Data for analysis Block Start

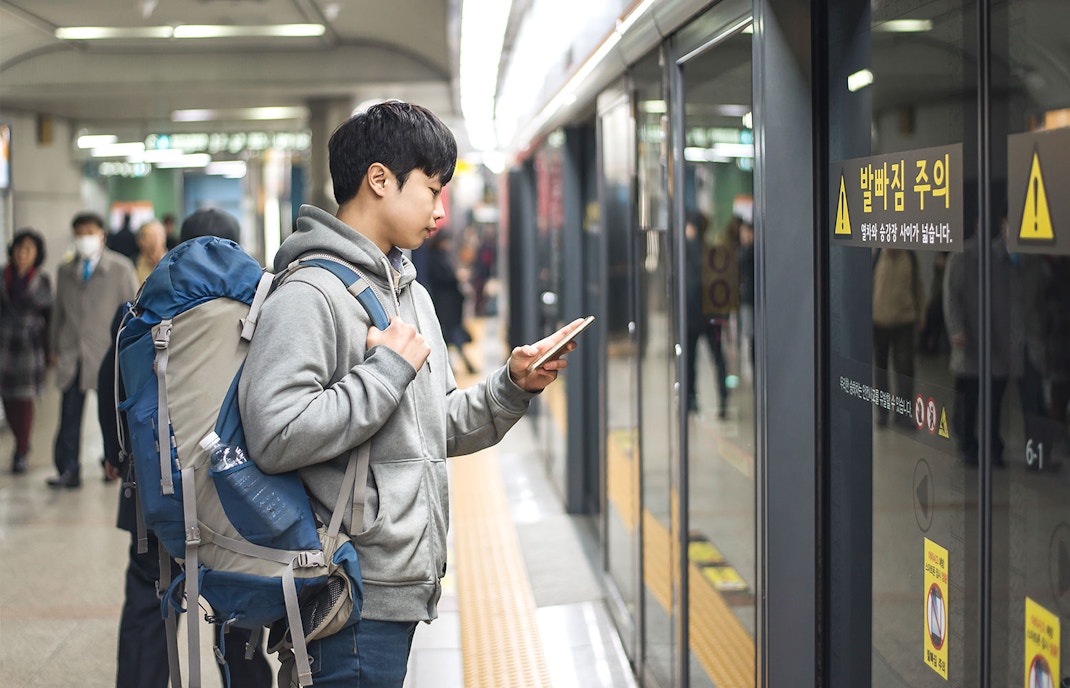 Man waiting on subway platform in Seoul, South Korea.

Data for analysis Block End
Data for analysis Block Start

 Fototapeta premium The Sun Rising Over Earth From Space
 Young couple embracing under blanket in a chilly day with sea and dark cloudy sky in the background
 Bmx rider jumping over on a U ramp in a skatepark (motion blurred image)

Data for analysis Block End

◆ **Task brief**:
Print again the lines of the entries above that fall between the line holding "Young couple embracing" and the line holding "Bmx rider jumping", inclusive, exactly as they stand.

◆ **Output of the exercise**:
 Young couple embracing under blanket in a chilly day with sea and dark cloudy sky in the background
 Bmx rider jumping over on a U ramp in a skatepark (motion blurred image)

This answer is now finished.